The experiment results are based on the following environment: CPU: Intel(R) Core(TM) i5-7300HQ @2.50 GHz, GPU: NVIDIA GeForce GTX 1050 Ti, Operating System: Windows 10 64 bits, Matlab: 2022a. Figure 5 displays the comparative results of three classifiers, with SVM achieving the highest accuracy of 84.1%, while softmax performed the worst with only 75.3%. This illustrates that SVM showed a better generalization ability in the small sample data sets. A notable limitation of this study was the relatively small size of the dataset, as deep learning models typically require a larger training dataset to fully demonstrate their capabilities. In future work, we aim to address this limitation by either collecting our own dataset or applying appropriate data augmentation methods to increase the dataset size. Another potential limitation is the complexity of hyperparameters, as this study employed numerous parameters. Thus, further research is necessary to determine how best to appropriately tune these hyperparameters.
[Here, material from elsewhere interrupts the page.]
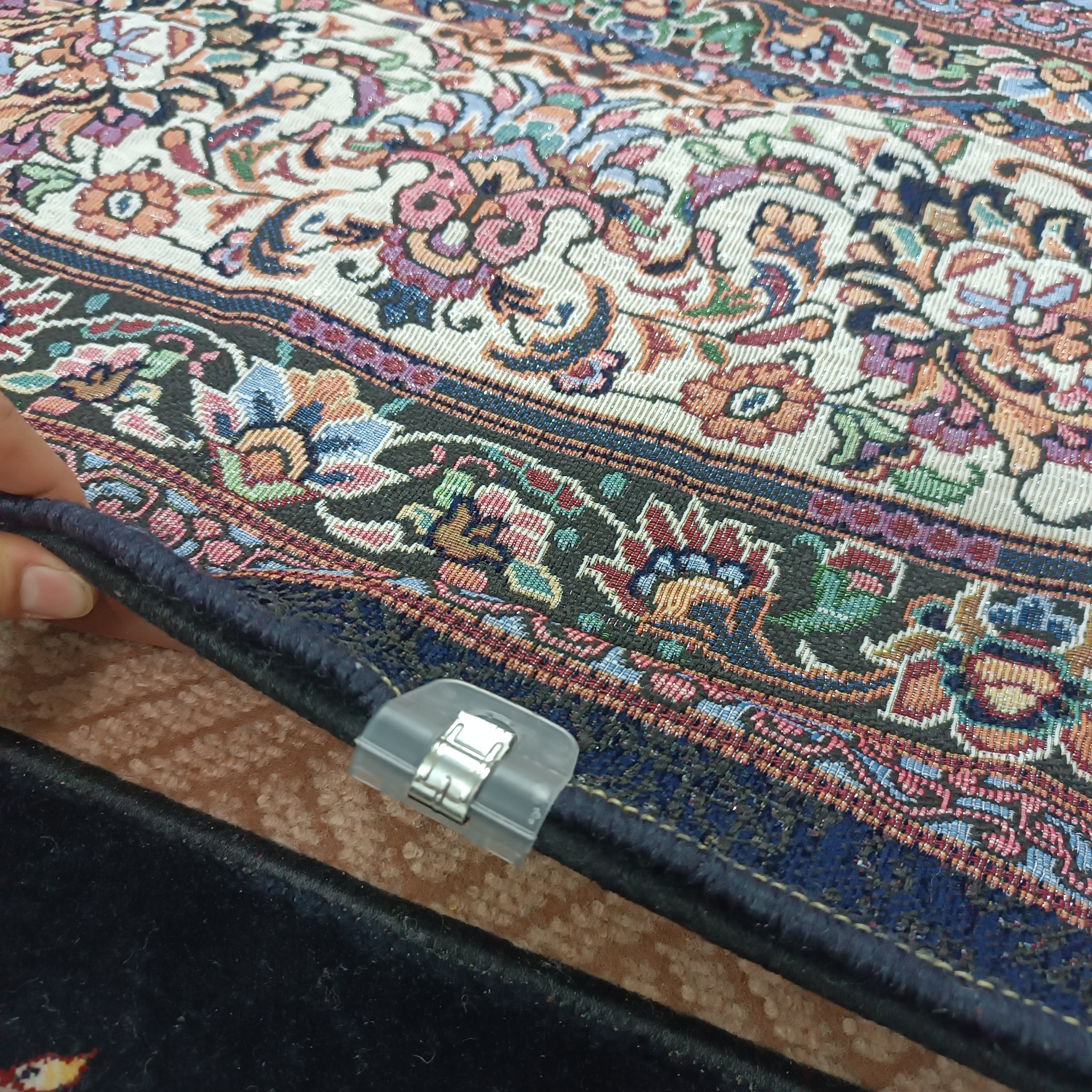 گیره نگهدارنده روفرشی به فرش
In addition, alternative evaluation metrics could be used to assess the effectiveness of the proposed model. Figure 6 provides an ROC curve of three classifiers. Figure 7 and Table 1 present the confusion matrices and the overall results of the precision and recall values for the proposed CNN.
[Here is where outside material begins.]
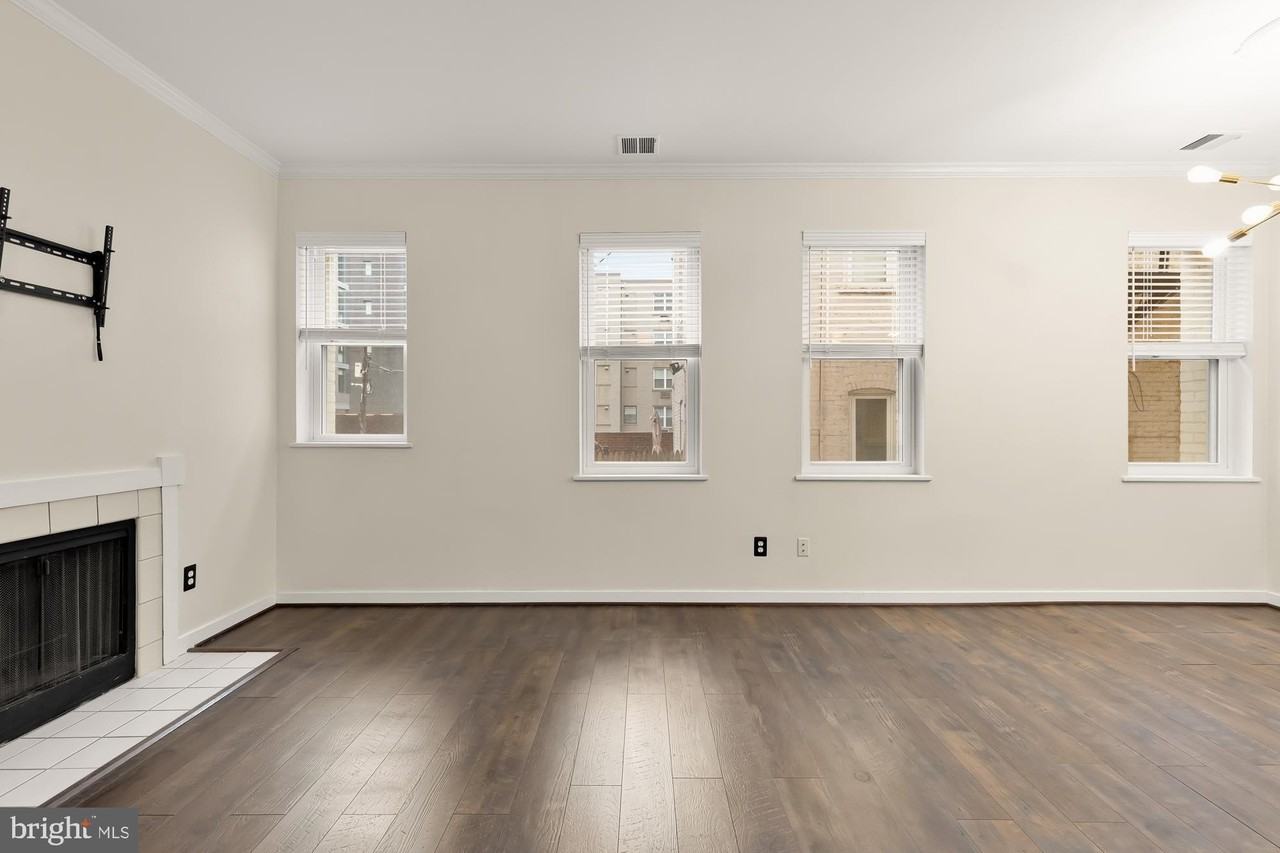 2114 N St Nw #15 - Photo 4 of 26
To showcase the effectiveness of the proposed method, we conducted a comparative analysis with several state-of-the-art models. The presentation of this comparative literature is detailed in Table 2.

The contrasted performance with different results are presented in Table 3. We demonstrate the notable classification accuracy of our approach, surpassing most of the current state-of-the-art models. Impressively, we achieved a remarkable accuracy rate of 95.2% for subject 9, which is higher than for the other models. Additionally, our study boasts a minimal average accuracy gap of 25.4% across the nine subjects, indicating that our method effectively avoids personal irregularity and learns distinct action models associated with various MI states automatically in EEG. These findings highlight the potential of our approach to improve EEG-based classification in various research domains.
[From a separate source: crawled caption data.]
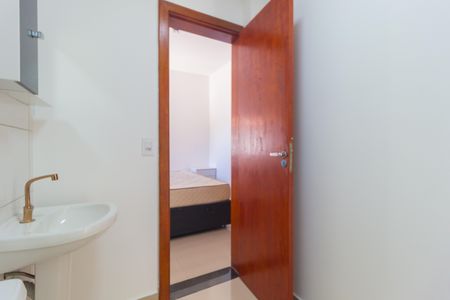 Casa de condomínio para alugar com 55m², 2 quartos e sem vagaBanheiro - Suíte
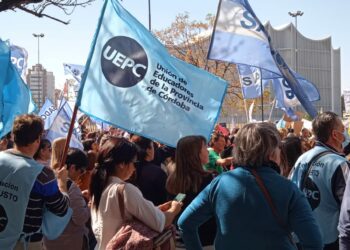 Contundente marcha de los docentes en reclamo de una nueva oferta salarial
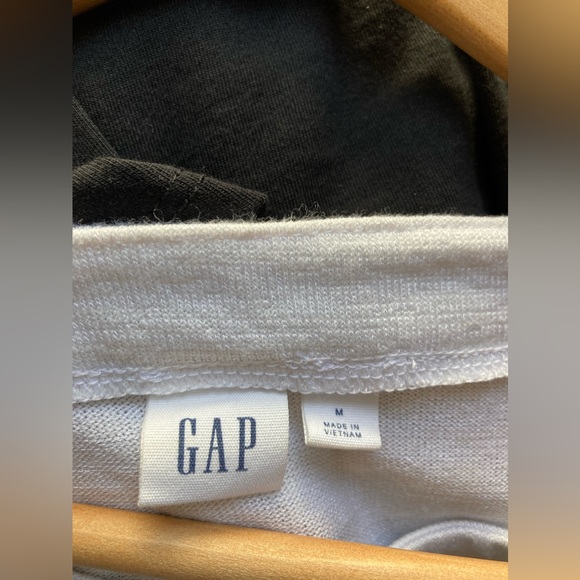 The Gap Soft Spun shirt. Excellent condition. Size M - Picture 4 of 4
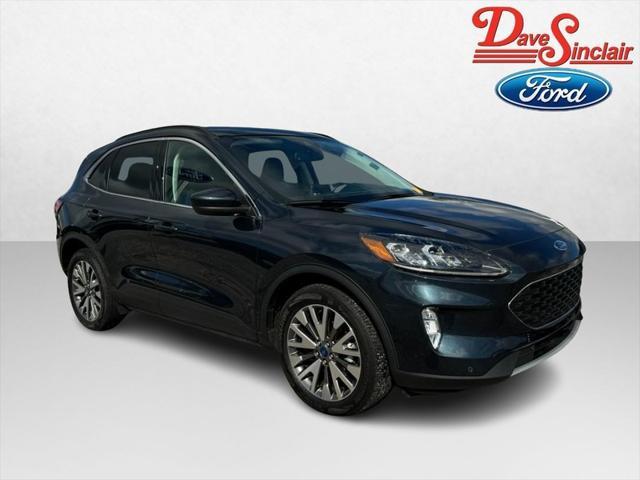 2022 ford escape titanium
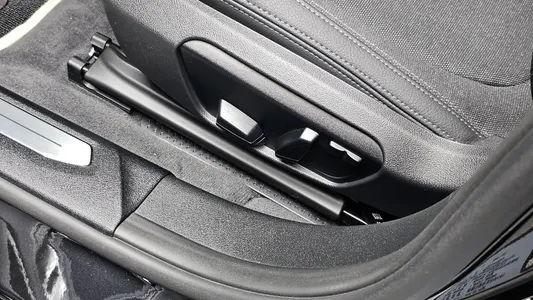 BMW 1 Series (F40) 120i 2023 31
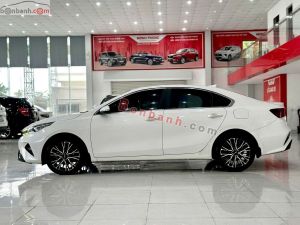 Xe Kia K3 Premium 1.6 AT 2022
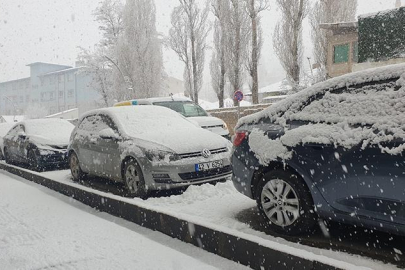 Nisan ayında kar yağışı: Her yer beyaza büründü
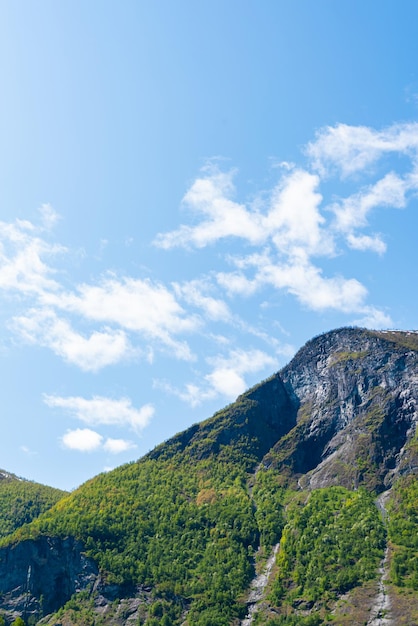 무료 사진 노르웨이 플람 산 (flam mountain) 2023년 6월 6일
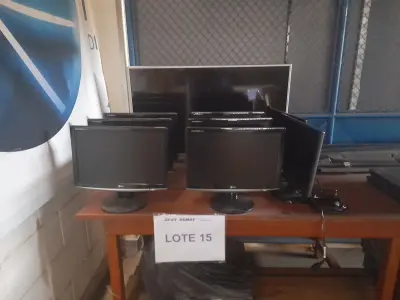 LOTE 323 - 01 TV LED + 08 MONITORES (SUCATA)  (UNIDADE: B-084 - PASSO FUNDO/RS  - LOCAL DE RETIRADA: AVENIDA PERIMETRAL DEPUTADO GUARACY MARINHO, 600 BAIRRO: SÃO MIGUEL -  PASSO FUNDO/RS – CEP: 99.030-440)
Table 4 shows the classification accuracy with different feature maps as the input, CSP, FFT, and STFT, and a CWT test using BCI Competition IV Dataset 2B. The input image signal is trained and tested by the proposed CNN using 10 × 10-fold cross-validation. Among the evaluated models, CWT-CNN demonstrates a competitive performance, which outperforms the CSP-CNN 4.1%, and FFT-CNN 4.5%, and STFT-CNN 2.2%, respectively, highlighting the efficacy of utilizing CWT for enhanced time–frequency feature extraction in EEG signal analysis. Although the average accuracy of CWT-CNN is the highest, however, for subjects 4, 7, and 9, the accuracy of CWT-CNN is lower than other models, suggesting a potential influence of individual variability on model performance.

Table 5 compares the models including TBTF-CNN [9], CWT-CNN [8], and our proposed model. On average, our proposed model achieves an average accuracy of 84.1%, achieving the highest accuracy compared with TBTF-CNN (81.3%) and CWT-CNN (83.0%). It is worth noting that our model achieved the highest accuracy for subjects 5, 6, 8, and 9, which were 91.7%, 87.2%, 93.3%, and 95.2%, respectively.

4. Discussion

To enhance BCI system performance, we proposed a parallel novel CNN architecture that inputs EEG signal maps transformed by CWT. Results on the left and right hand MI-EEG signals, the mean classification Precision, Recall and F1-Score obtained by CWT-CNN algorithm are 85.71%, 81.41%, 0.835, respectively. Basically, the proposed CNN model is able to process these time–frequency images and classify MI tasks with superior performance than other traditional classification models, which demonstrates the potential of combining CWT with deep learning techniques.

As illustrated in Table 3 and Table 5, our method exhibits superior classification accuracy across subjects compared with traditional algorithms like CSE-UAEL or MFESF. Furthermore, when contrasted with deep learning methods like CEMD-CNN or DA-CNN, our approach demonstrates a higher average classification accuracy. Among thise, DA-CNN has the highest average accuracy because it uses data augmentation techniques to triple the number of training samples. For deep learning networks, increasing the number of samples is one of the effective means to improve the training accuracy, and is widely used in the field of engineering. However, EEG data are biological data, and we must carefully verify the use of biological data and its reliability, especially artificially generated biological data. In this context, the applicability of conventional data enhancement methods, such as inversion, resizing, and adding noise, to biological data needs to be further explored. Therefore, future works will develop data augmentation methods suitable for EEG data that meet both the engineering and biological requirements to optimize the performance of our model. Notably, individual subject analysis unveils diverse responses to different models, implying the influence of individual variability on model efficacy. In particular, our method showcases minimal accuracy discrepancies among subjects compared with other techniques. Although CWT and CNN have been applied to the MI field in previous work, our network still has an advantage in accuracy compared with models using similar CWT-CNN technology.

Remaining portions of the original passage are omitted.